» What needs to be done
Before copying, set the images aside; then transcribe every entry below exactly.

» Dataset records
•••••
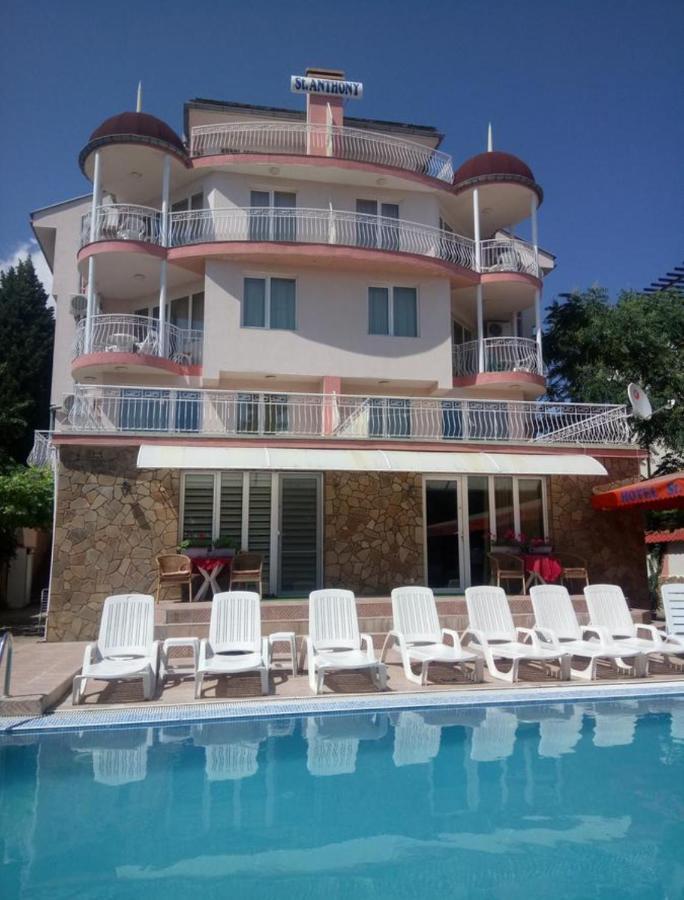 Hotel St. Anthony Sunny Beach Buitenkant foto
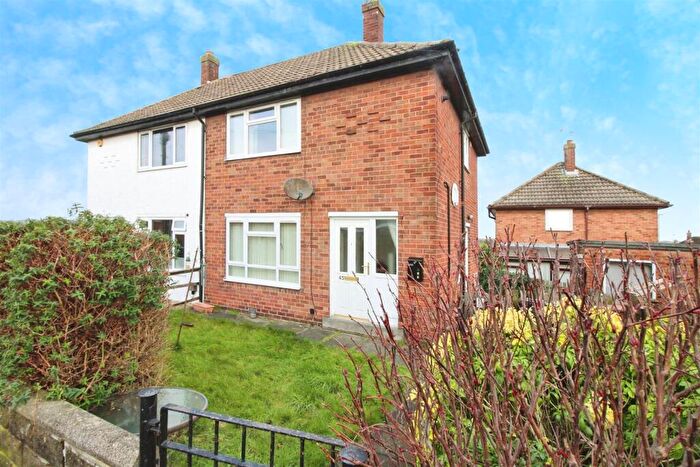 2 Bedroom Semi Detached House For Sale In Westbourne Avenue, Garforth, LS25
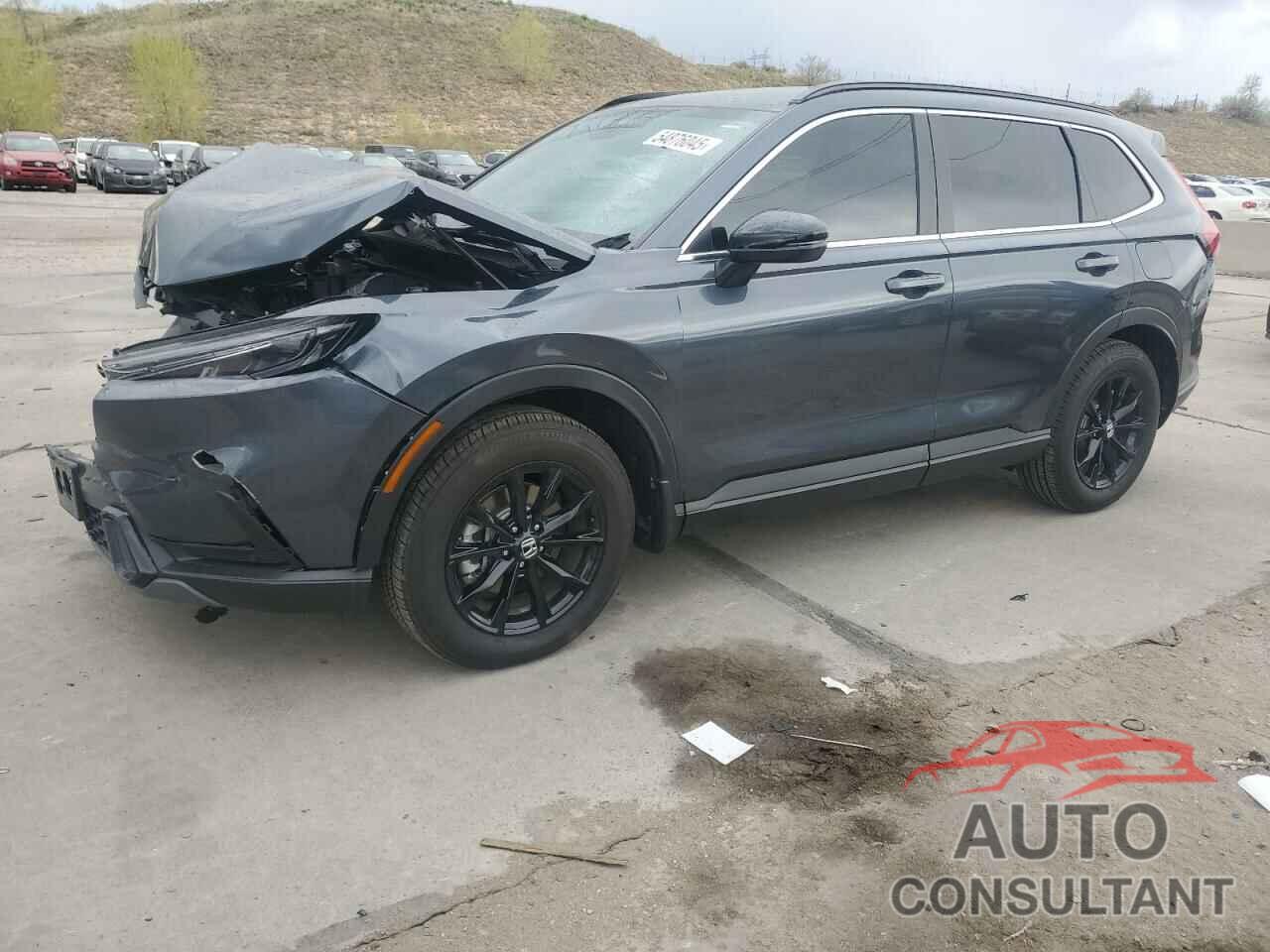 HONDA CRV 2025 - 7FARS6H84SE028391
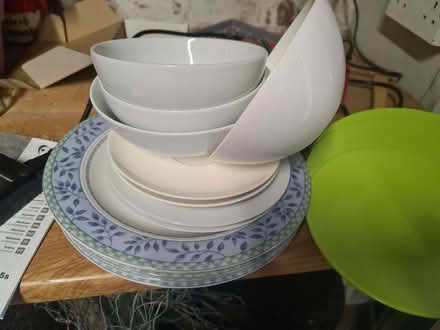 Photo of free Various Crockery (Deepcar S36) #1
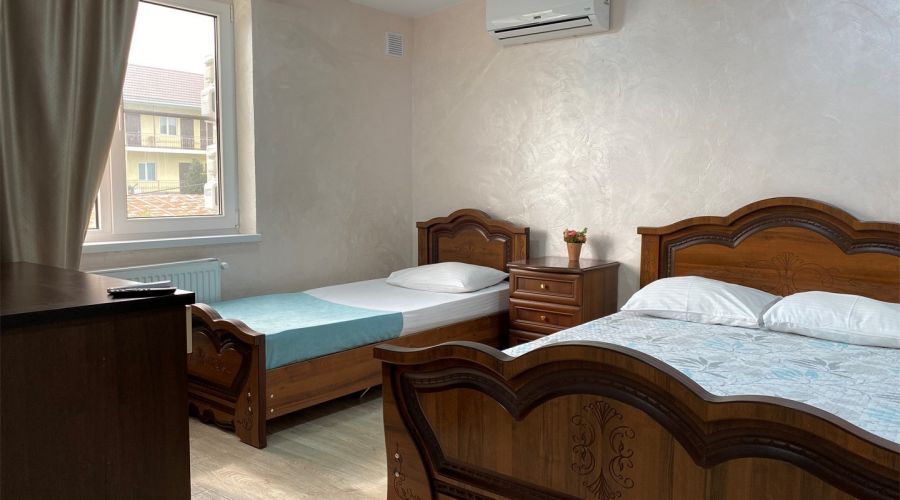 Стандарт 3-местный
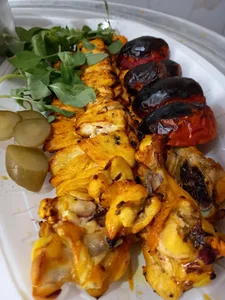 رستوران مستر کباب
•••••
» Expected answer
 Hotel St. Anthony Sunny Beach Buitenkant foto
 2 Bedroom Semi Detached House For Sale In Westbourne Avenue, Garforth, LS25
 HONDA CRV 2025 - 7FARS6H84SE028391
 Photo of free Various Crockery (Deepcar S36) #1
 Стандарт 3-местный
 رستوران مستر کباب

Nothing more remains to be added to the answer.